Five principles of highly effective teachers.

1. Believe in your students… every one of them! You must believe that every one of them can achieve good results.

2. You should make the students know that you believe in them, so that they also start to believe that they can achieve results.

3. Once you believe, you have to set ambitious, measurable and meaningful goal to your students.

4. Make sure that the goal you have given to the students becomes the everyday priority for them and their family.

5. Plan purposefully. From the objectives that you have defined, plan backwards to create an efficient path for success.

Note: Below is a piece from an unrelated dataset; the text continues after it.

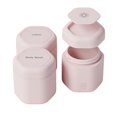 thumbnail image 1 of Juego de cápsulas Travel Containers Cadence Body Care de 40 ml x 3, 1 of 7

( This is the summary of TEDx talk by Pierre Pirard, who decided to become a teacher, after a high profile career as CEO. Working in Brussels’ most disadvantaged neighborhoods, he discovered that these children — usually portrayed as troublemakers — are able to rise above this negative image. He believes that these kids are the future of our society and that we should care for their education, no matter what their socio-cultural and economical background is.)

Quality Standards in Teaching

quality in education

Commonwealth Education Hub, ran a three weeks eDiscussion during May2016, on the topic “Quality Standards in Education”, in which 750 people from across 11 countries in the Commonwealth area participated and shared their views. The key summary points of the discussion are:

  • Quality in education has yet to be defined.
  • The relevance of education with each context must be understood.
  • Education has multiple purposes.
  • Education must prepare people “beyond the qualification”.
  • There needs to be a distinction between quality inputs, process and outputs.
  • Education must develop productive and participatory citizens.

You can read the full report at


Teacher Training Programmes – Few observations

During our teacher quality improvement programmes across many CBSE schools in Tamil Nadu, we made few interesting observations ( these are just observations and not supported by any scientific research study).

  • Teachers in smaller towns (such as Thiruchendur, Vallam, Dindigul, vellakoil, etc…) seem to have stronger “passion for teaching” than the teachers in big cities.
  • Female teachers out number male teachers in many schools ( in some schools more than 80% of teachers are females)
  • Language teachers show higher level of interest and participation in training programmes than other teachers.
  • Teachers between 5-10 years of experience show more interest in learning new things, than the freshers or senior teachers.
  • Teachers always like activities as part of the training programme. However, when asked to demonstrate their teaching ability, most of them resort to simple chalk and talk.

Do your students remember you?

One of the common questions we ask in our training sessions to teachers is “Can you talk about a few teachers who have lasting impressions in your life….”

Generally the answers will start with emotionally charged voice, “yes, during my school days there was a teacher by name….”

We ask them “So, that teacher was influential in changing your course of life?” many a times we get answers such as “only because of that teacher I have this habit”, “I got interested in this”, “I learned how to be positive….” etc. Imagine after more than 10-20 years of leaving school, one person still stays in your mind, guides you through your choices and influences your decision. Teachers have that power.

We then ask the teachers, “Do you think your students will remember you in the same way after many years? Have you been a positive influence on their lives?”. Many teachers are not sure.

How you can shape the lives of students in small ways, even after they leave the schools. Just think about it.